5. Memiliki dan menjunjung tinggi tradisi ilmiah: Masyarakat akademik harus benar-benar memiliki karakter ilmiah sebagai inti pokok budaya akademik.
6. Berorientasi ke masa depan: Masyarakat akademik harus mampu mengantisipasi suatu kegiatan ilmiah ke masa depan dengan suatu perhitungan yang cermat, realistis dan rasional.
7. Kesejawatan/kemitraan: Masyarakat ilmiah harus memiliki rasa persaudaraan yang kuat untuk mewujudkan suatu kerja sama yang baik. Oleh karena itu budaya akademik senantiasa memegang dan menghargai tradisi almamater sebagai suatu tanggung jawab moral masyarakat intelektual akademik.

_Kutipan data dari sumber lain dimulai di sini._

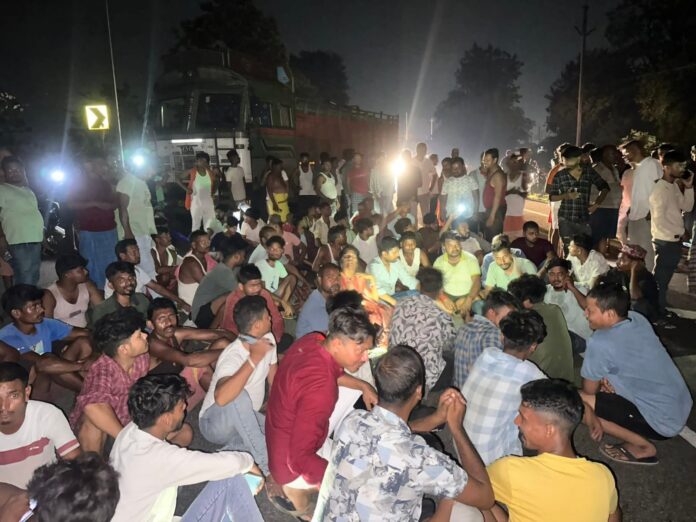 लोग घटनास्थल पर भीड़ की दहशत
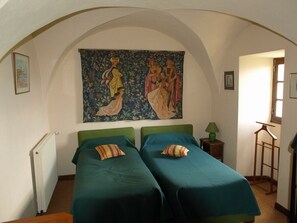 12 bedrooms, in-room safe, desk, iron/ironing board - Castle South France with pool, fantastic for family or friends party (Millau)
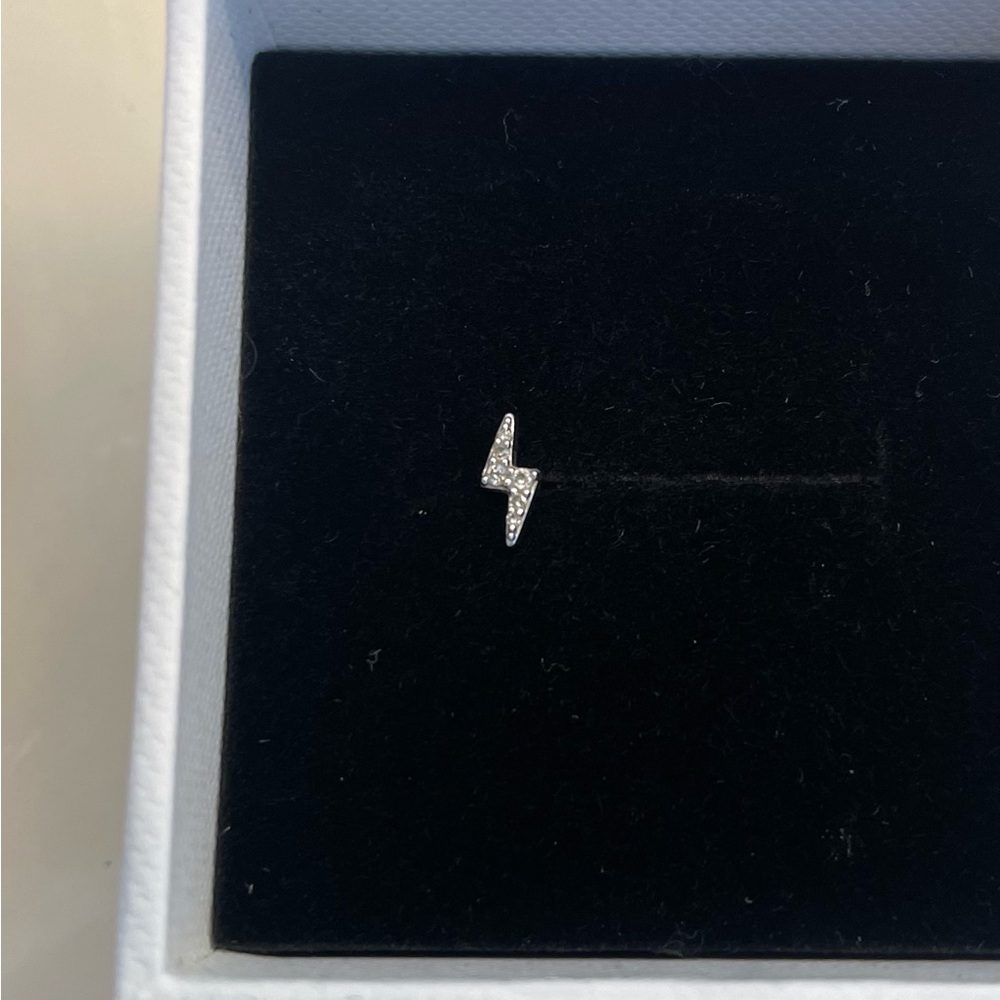 Mejuri Piercing Studio - Pavé Diamond Lightning Bolt White Gold Flat Back Stud
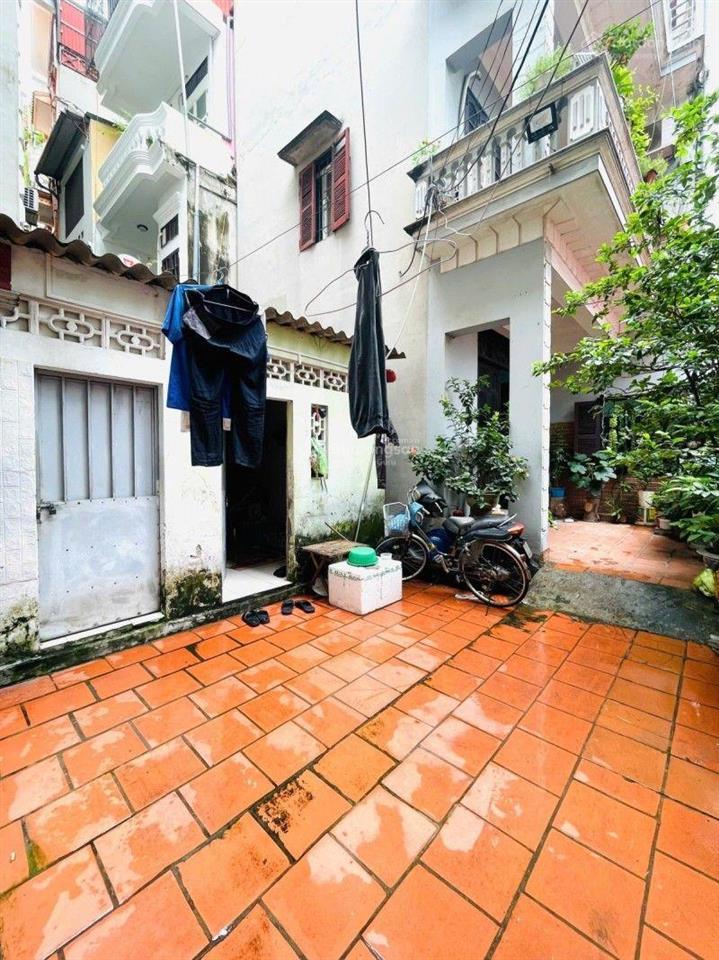 Bán nhà dịch vọng khúc thừa dụ lô đất vàng dòng tiền chỉ 32.5 tỷ sổ đỏ đẹp dt 115m,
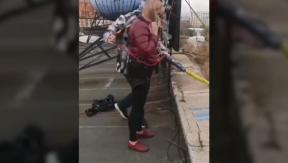 Madre muere tras fallido salto en bungee: hubo problemas con el arnés y se estrelló contra el suelo Madre muere tras fallido salto en bungee: hubo problemas con el arnés y se estrelló contra el suelo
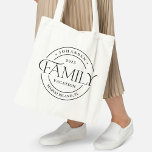 Bolsa Tote Sindicato da família de focas elegantes ou Saco de<br><div class="desc">Este design adorável pode ser personalizado para as suas combinações de cores favoritas. Faz um presente excelente! Encontre papelaria e presentes no nosso compro: www.berryberrysweet.com.</div>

Pengembangan Hukum dan HAM
Masyarakat ilmiah harus benar-benar mengamalkan budaya akademik, terutama untuk tidak terjebak pada politik praktis dalam arti terjebak pada legitimasi kepentingan penguasa. Hal ini bukan berarti masyarakat kampus tidak boleh berpolitik, melainkan masyarakat kampus harus benar-benar berpegang pada komitmen moral yaitu pada suatu tradisi kebenaran objektif.

Kampus sebagai Sumber Pengembangan Hukum
Dalam rangka bangsa indonesia melaksanakan reformasi dewasa ini suatu agenda yang sangat mendesak untuk diwujudkan adalah reformasi dalam bidang hukum dan peraturan perundang-undangan.
Sesuai dengan tertib hukum Indonesia dalam rangka pengembangan hukum harus seruai dengan tertib hukum Indonesia. Berdasarkan tertib hukum Indonesia maka dalam pengembangan hukum positif di Indonesia, maka dasar filsafat negara merupakan sumber materi dan sumber nilai bagi pengembangan hukum. Hal ini berdasarkan Tap No. XX/MPRS/1966, dan juga Tap No. III/MPR/2000. Namun perlu disadari bahwa yang dimaksud dengan sumber hukum dasar nasional, adalah sumber materi dan nilai bagi penyusunan peraturan perundang-undangan di Indonesia.
Dalam penyusunan hukum positif di Indonesia nilai Pancasila sebagai sumber materi, konsekuensinya hukum di Indonesia harus bersumber pada nilai-nilah hukum Tuhan (sila I), nilai yang terkandung pada harkat, martabat dan kemanusiaan seperti jaminan hak dasar (hak asasi) manusia (sila II), nilai nasionalisme Indonesia (sila III), nilai demokrasi yang bertumgu pada rakyat sebagai asal mula kekuasaan negara (sila IV), dan nilai keadilan dalam kehidupan kenegaraan dan kemasyarakatan (sila V).

Selain ini tidak kalah pentingnya dalam penyusunan dan pengembangan hukum aspirasi dan realitas kehidupan masyarakan dan rakyat adalah merupakan sumber materi dalam penyusunan dan pengembangan hukum.